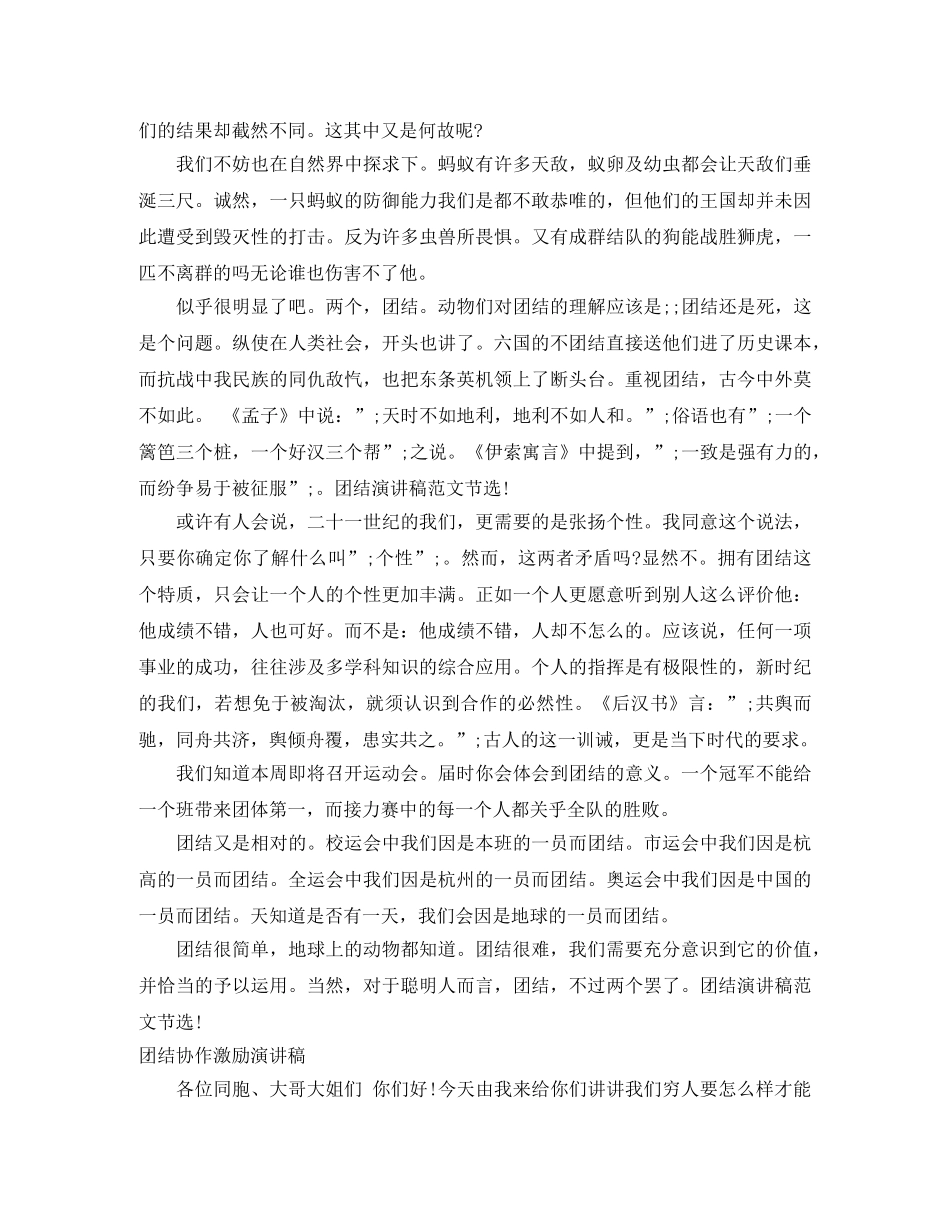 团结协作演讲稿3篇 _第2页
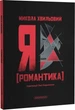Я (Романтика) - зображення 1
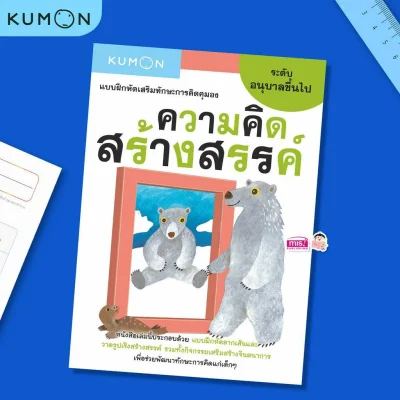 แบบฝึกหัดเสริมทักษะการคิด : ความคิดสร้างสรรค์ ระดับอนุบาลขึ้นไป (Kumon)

· · · ·

[YOUR TASK]:
Set down exactly, from the line that contains "Я (Романтика) - зображення 1" through the last line of the data, each line as it stands, and leave the pictures out.

[ANSWER SECTION]:
Я (Романтика) - зображення 1
 แบบฝึกหัดเสริมทักษะการคิด : ความคิดสร้างสรรค์ ระดับอนุบาลขึ้นไป (Kumon)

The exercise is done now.